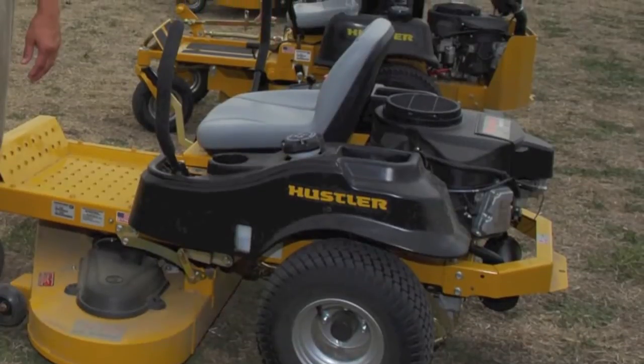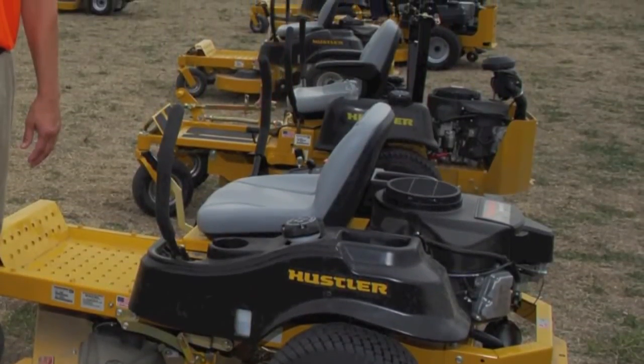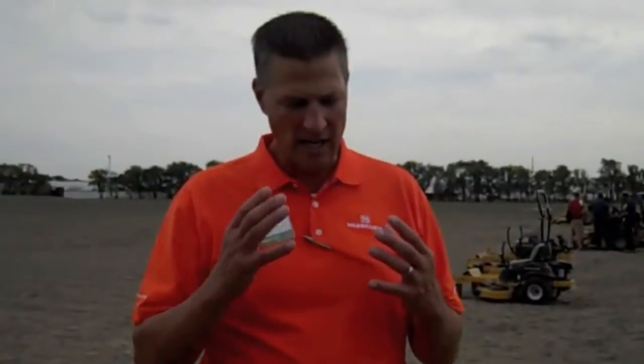Zero-turn mowers under $3,000 — there's a ton of them sold in this market. What we did with the Raptor was try to combine the Hustler design, what we stand for at Hustler as far as building a good quality, well-designed zero-turn, and get a machine for the dealer that's under that $3,000 mark but is still a high-quality zero-turn mower.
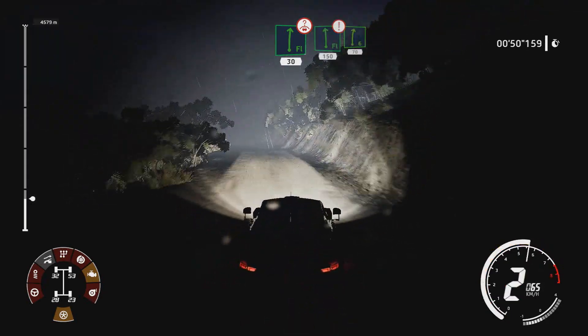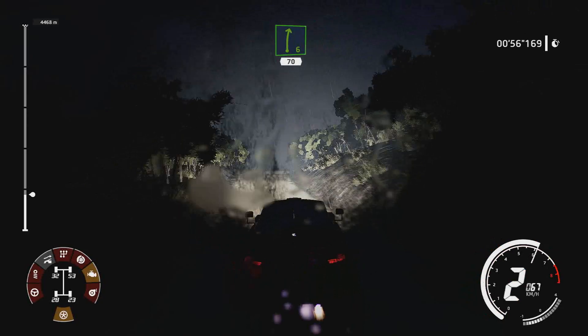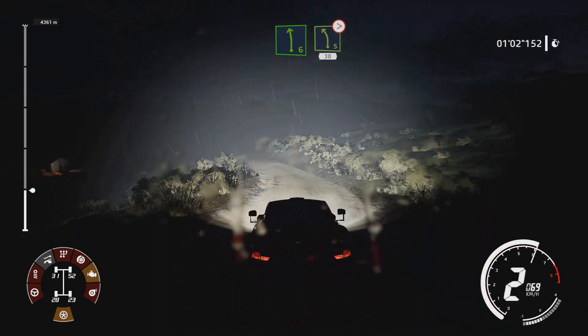Flat left, 150, keep middle, over crest, into right 6, 70. Left 6, break into left 5, tightens, 4, rock out, 30.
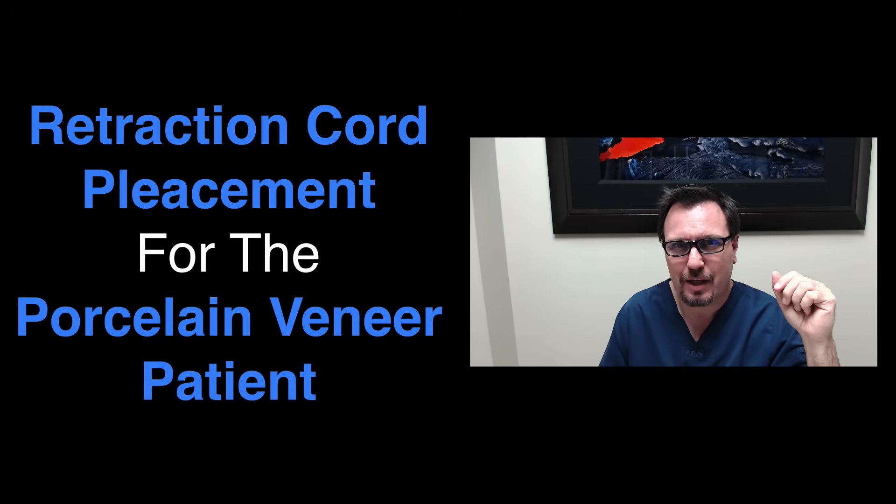Hi there, I'm Dr. Stephen Fallon. Welcome to Dental Excellence. This is the 10th video in my Dental Excellence video series.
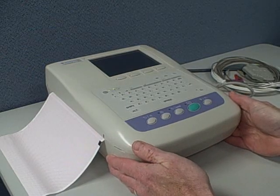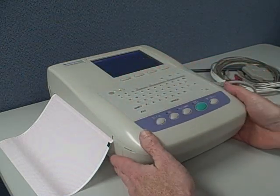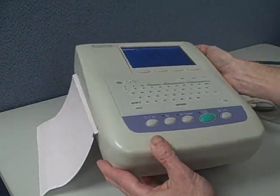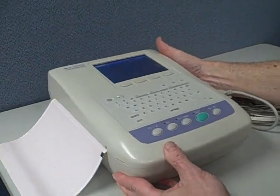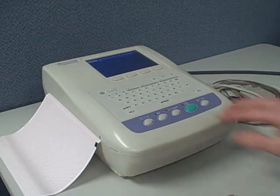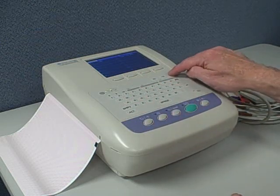Hi, this is Walt, and today we're looking at the Nihon Koden Cardiofax M EKG machine. It's a full-page printout — nice package. It really is one of the smallest in terms of footprint of a full-size EKG, about 8.5 by 11 dimension, about 5 or 6 inches high, and weighs about 9 pounds.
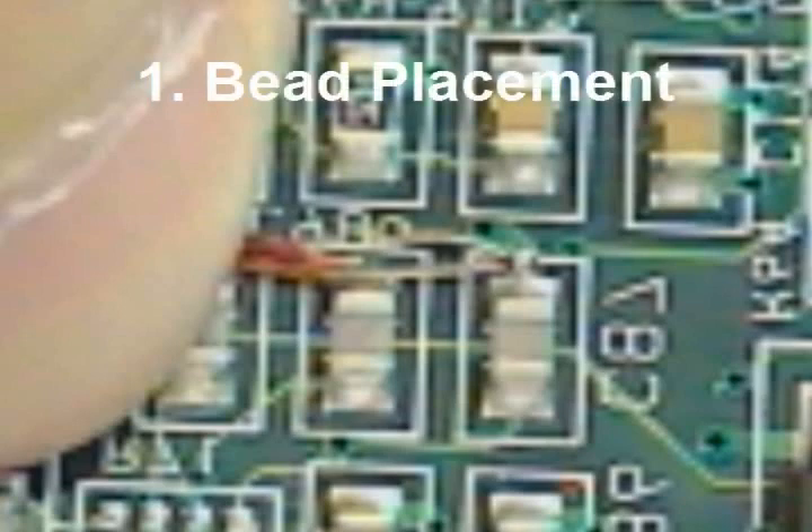Now that you have properly prepared your thermocouples, place the bead of your thermocouple in contact with your target.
--*--
• Task details:
Pictures do not belong in your copy; restate word for word the lines from the one containing "Flat left, 150, keep" through the last line of the records above.

• Answer to this task:
Flat left, 150, keep middle, over crest, into right 6, 70. Left 6, break into left 5, tightens, 4, rock out, 30.
Hi there, I'm Dr. Stephen Fallon. Welcome to Dental Excellence. This is the 10th video in my Dental Excellence video series.
Hi, this is Walt, and today we're looking at the Nihon Koden Cardiofax M EKG machine. It's a full-page printout — nice package. It really is one of the smallest in terms of footprint of a full-size EKG, about 8.5 by 11 dimension, about 5 or 6 inches high, and weighs about 9 pounds.
Now that you have properly prepared your thermocouples, place the bead of your thermocouple in contact with your target.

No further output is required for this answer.